Written by Anthony Moujaes
The United Church of Christ wants Congress to know that it plans to manage its finances as an extension of its faith as a means of pursuing peace in Israel-Palestine. The denomination is urging people of faith to voice their concerns about a pair of bills that would criminalize attempted boycotts of Israel.
National leaders are asking settings of the UCC to assert their right to use economic leverage — which can range from shareholder engagement to divestment — and determine their own investment policies and shareholder practices to support peace for Israelis and Palestinians.
"We remain advocates for peace between Palestinians and Israelis, and for an end to the 50-year old occupation," said Peter Makari, area executive for the Middle East and Europe for Global Ministries, the shared ministry of the UCC and Christian Church (Disciples of Christ). "Congress should not limit our right to use that leverage, which is our First Amendment right."
Congress is considering two parallel bills, both known as the "Israel Anti-Boycott Act" in the Senate and House of Representatives.

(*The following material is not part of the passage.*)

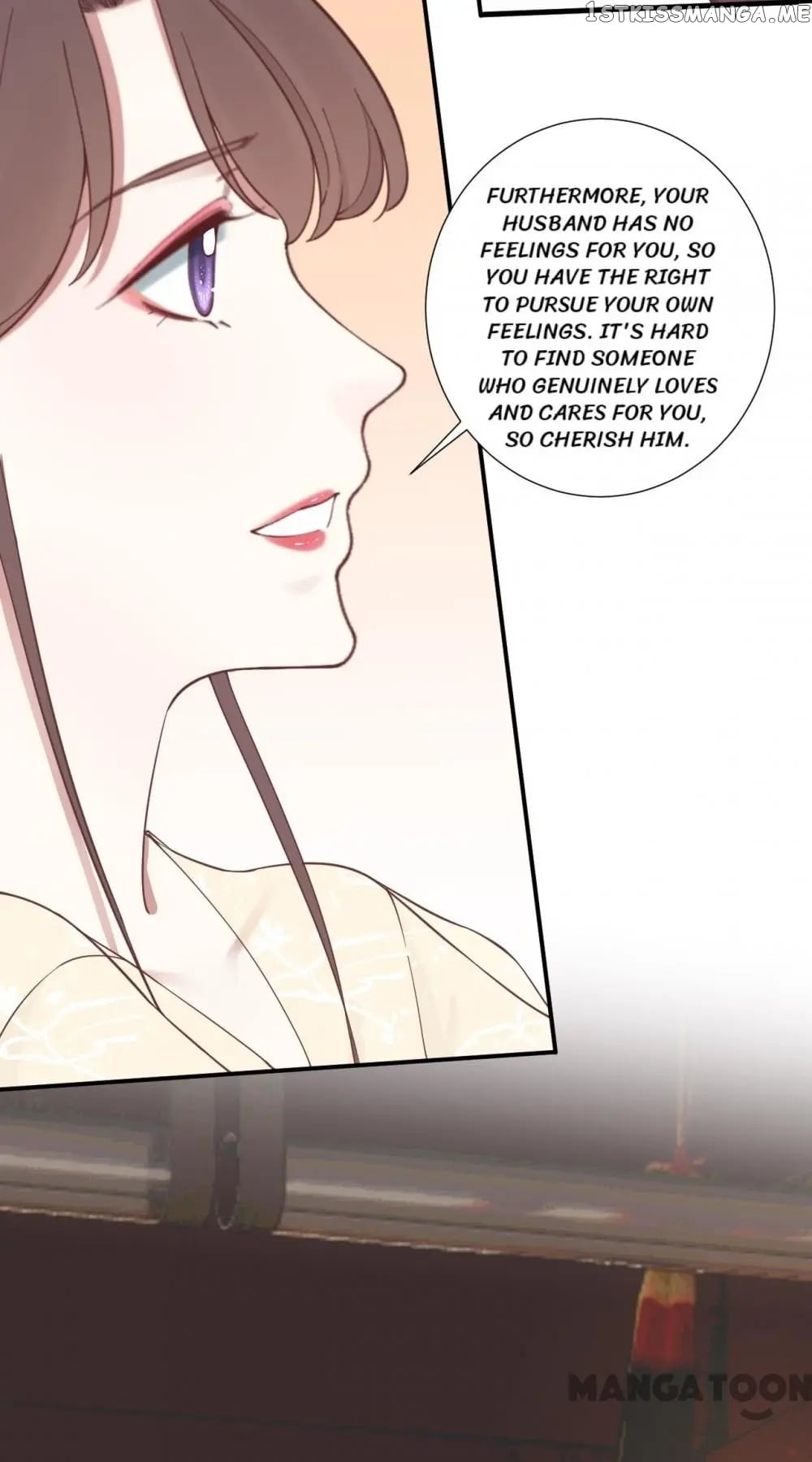 The Queen Is Busy chapter 158 - page 58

The bills, which have bipartisan support in both chambers, would make supporting some boycott actions targeting Israel or Israeli settlements a felony, punishable by up to a $1 million fine and 20 years in prison.
According to the ACLU, the bill would "impose civil and criminal punishment on individuals solely because of their political beliefs about Israel and its policies." Such a restriction is a "direct violation of the First Amendment."
The UCC General Synod approved a resolution in 2015 that called for divestment and boycott from companies operating in the West Bank (part of the occupied Palestinian Territories) and profiting the occupation. The Presbyterian Church (USA) and the United Methodist Church also passed resolutions to divest from U.S. companies involved with the Israeli occupation, and the Mennonite Church followed suit this summer.
"For more than a decade, the UCC has endorsed the use of economic measures as a non-violent tool to bring peace and justice in the Israeli-Palestinian context," Makari said. "This approach is consistent with other cases where we have brought our economic leverage to bear where people are denied justice and their rights."